LV: Telescopes!

These are a method of optical magnification which is more versatile than the plus lens.

• Distance, intermediate or near
• Hand held for spotting or spec mounted but rarely worn constantly/whilst mobile

General formula (for afocal telescopes) is M = -Fe / Fo and also t (tube thickness) = fe' + fo'

Two types of telescope - astronomical and galilean

Astronomical

• Both eyepiece and obj lens are +ve, this gives -ve magnification and an inverted image
• Both focal lengths positive so the telescope is long
• Prism erecting system needed too
• Heavier, longer and more expensive than galilean
• Larger field of view and better image quality though
• Exit pupil outside system
• Mag range from low - high. Up to 10x
  

Galilean

• Eyepiece lens is negative and objective lens positive. +ve mag so erect image
• One focal length is negative so the system is shorter
• Lighter, shorter and cheaper than astronomical
• Poorer image quality and small field of view though
• Low magnification only - 4x maximum
• Preferred for spec mounted due to lower weight and shorter length

Labelling

• Magnification 2.2x, 3x etc
• Weight in grams
• Visual field 250m/1000m linear OR eg 12.5 degrees (200 degrees without scope)
• Working distance 45-200cm
• Sometimes written 8 x 40 where first number is mag and second number is diameter of objective lens in mm

Exit Pupil

• This is the image of the objective lens seen through the eyepiece. All of the rays entering the objective lens pass through the exit pupil.
• The exit pupil defines the field and the amount of illumination. These can be determined by direct measurement or calculation.

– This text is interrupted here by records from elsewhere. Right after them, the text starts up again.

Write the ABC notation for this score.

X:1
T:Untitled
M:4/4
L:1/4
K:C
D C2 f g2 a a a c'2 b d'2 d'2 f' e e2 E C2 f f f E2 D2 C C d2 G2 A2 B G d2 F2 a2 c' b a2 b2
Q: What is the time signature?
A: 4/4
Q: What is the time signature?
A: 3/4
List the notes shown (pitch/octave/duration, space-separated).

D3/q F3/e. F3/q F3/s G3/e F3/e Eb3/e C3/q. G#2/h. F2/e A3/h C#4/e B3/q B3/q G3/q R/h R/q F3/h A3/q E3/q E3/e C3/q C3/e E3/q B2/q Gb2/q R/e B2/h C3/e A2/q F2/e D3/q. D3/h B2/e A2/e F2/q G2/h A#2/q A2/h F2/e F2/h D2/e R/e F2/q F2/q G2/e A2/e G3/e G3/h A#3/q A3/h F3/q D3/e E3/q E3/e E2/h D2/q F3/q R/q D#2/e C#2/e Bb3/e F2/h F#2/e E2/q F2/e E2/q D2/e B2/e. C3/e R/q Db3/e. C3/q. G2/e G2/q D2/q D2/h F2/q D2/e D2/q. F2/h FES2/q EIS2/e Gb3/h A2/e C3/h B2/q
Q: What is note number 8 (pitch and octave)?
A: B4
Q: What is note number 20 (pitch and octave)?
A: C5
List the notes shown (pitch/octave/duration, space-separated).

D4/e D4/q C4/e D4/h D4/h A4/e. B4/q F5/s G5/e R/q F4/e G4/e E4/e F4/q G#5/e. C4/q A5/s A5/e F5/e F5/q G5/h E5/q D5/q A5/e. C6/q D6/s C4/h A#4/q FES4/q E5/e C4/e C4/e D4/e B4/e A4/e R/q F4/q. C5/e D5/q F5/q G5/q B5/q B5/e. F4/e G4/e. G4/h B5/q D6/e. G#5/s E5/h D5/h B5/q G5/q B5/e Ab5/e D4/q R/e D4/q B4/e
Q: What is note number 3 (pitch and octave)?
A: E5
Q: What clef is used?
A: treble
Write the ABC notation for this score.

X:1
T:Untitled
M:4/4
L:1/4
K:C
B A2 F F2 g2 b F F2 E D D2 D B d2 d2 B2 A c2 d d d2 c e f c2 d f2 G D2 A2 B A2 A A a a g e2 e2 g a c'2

Ideally the patient's pupil should be exactly the same size
• Astros have EP behind Fe so patient's eye can get close to it, with Gal the exit pupil is within the telescope so there's a greater distance between it and the eye

diam of exit pupil = diam of obj lens / magnification of telescope

eg size and location of the exit pupil for a 3x24 gal telescope with an Fo of +10.00D

Fe = -3x10.00 = -30.00

1 / l' = 1 / l + F = 1 / -0.0667 + (-30) = -45

1 / -45 = -22.22cm SO EXIT PUPIL IS 22.22cm IN FRONT OF THE EYEPIECE

24/3 = 8mm SO EXIT PUPIL IS 8mm IN DIAMETER

Factors Affecting Field of View

• 1/Mag - use minimum power - use min until px becomes practiced
• 1/vertex dist - 5mm = smallest dist w/o specs, 20mm = w/specs & eyecup
• Object distance
• Object diameter - but telescope becomes heavier and more difficult to handle

Matching the size of the exit pupil to the px's pupil optimises the field BUT if alignment slips even a tiny bit part of the field will go dark, so in practice it's actually better if the exit pupil is greater than the patient's pupil despite some loss of field as a result - the misalignment is more easily tolerable. Better to measure in practice than calculate as more closely related to px experience.